Les analystes de Wall Street se demandent maintenant si NVIDIA peut se détacher de la situation de Super Micro.
Jordan Klein, analyste chez Mizuho, pense que NVIDIA risque de ne pas atteindre ses propres objectifs si la situation de Super Micro s'aggrave et que la société ne peut pas financer ses activités. Il souligne que Super Micro fonctionne avec un fonds de roulement négatif et a besoin de beaucoup de liquidités et de financement pour acheter de gros volumes de GPU et de produits de refroidissement liquide pour construire des systèmes de rack NVL72 Blackwell valant plusieurs millions de dollars. « Comment lever des fonds lorsque l'on n'a pas d'auditeur ou que l'on n'est pas en mesure de déposer des états financiers ? demande Klein à propos de Super Micro.
L'analyste pense que NVIDIA commencera probablement à retirer la majeure partie de son approvisionnement en GPU de Super Micro jusqu'à ce que la situation soit plus claire. L'analyste a mis en évidence le concurrent de Super Micro, Dell, comme bénéficiaire probable si NVIDIA retire son approvisionnement à Super Micro.
Bien que le retrait de l'approvisionnement en GPU de Super Micro semble être une solution plausible à moyen terme pour NVIDIA, on ne sait pas si une perturbation à court terme ou d'éventuels retards de paiement de la part de Super Micro pourraient avoir un impact sur les résultats financiers à court terme de NVIDIA.

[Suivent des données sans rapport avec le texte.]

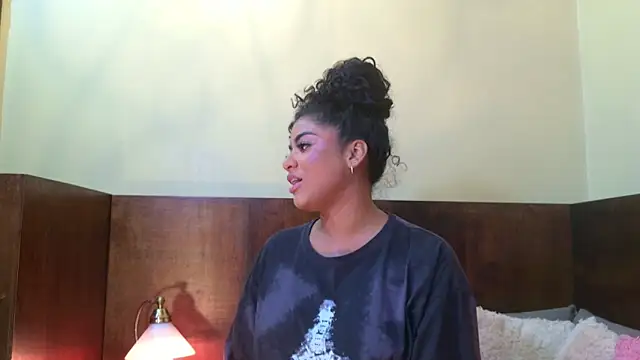 Snapshot of Carly_Monroe_ chatting on 29, 9, 2025 Carly Monroe online show from 29, 9, 2025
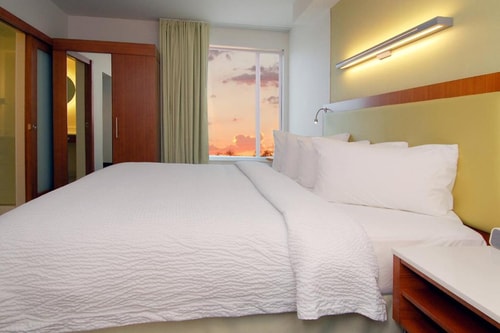 King Suite Near Knight Transportation LAS 1 Luxury Bookings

Malgré les déboires de Super Micro, la demande globale d'IA et la course à l'intelligence artificielle générale ne semblent pas ralentir, et NVIDIA est toujours considérée comme se taillant la part du lion. BofA Securities, par exemple, continue de s'attendre à ce que la demande d'accélérateurs d'IA atteigne 280 milliards de dollars d'ici 2027 et plus de 400 milliards de dollars à terme, Nvidia s'arrogeant 75 % des parts de marché en dépit d'une concurrence accrue.
NVIDIA, pour sa part, ne commente pas l'affaire Super Micro.
« Nous nous refusons à tout commentaire », a déclaré un porte-parole de NVIDIA lorsqu'Investing.com l'a contacté à propos de Super Micro.
Bien qu'elle n'ait pas parlé publiquement de la situation de Super Micro, les actions de la direction montrent que NVIDIA prend discrètement ses distances par rapport à Super Micro. En mai 2024, comme le note Hindenburg, le PDG de NVIDIA, Jensen Huang, a publiquement soutenu le concurrent de Super Micro, Dell. « Personne n'est meilleur que Dell pour construire des systèmes de bout en bout à très grande échelle pour les entreprises », a déclaré Huang.
Il reste à voir si la débâcle de Super Micro a un impact sur NVIDIA, mais la situation des auditeurs a augmenté les enjeux et les clients posent probablement des questions. Maintenant, les investisseurs le sont aussi.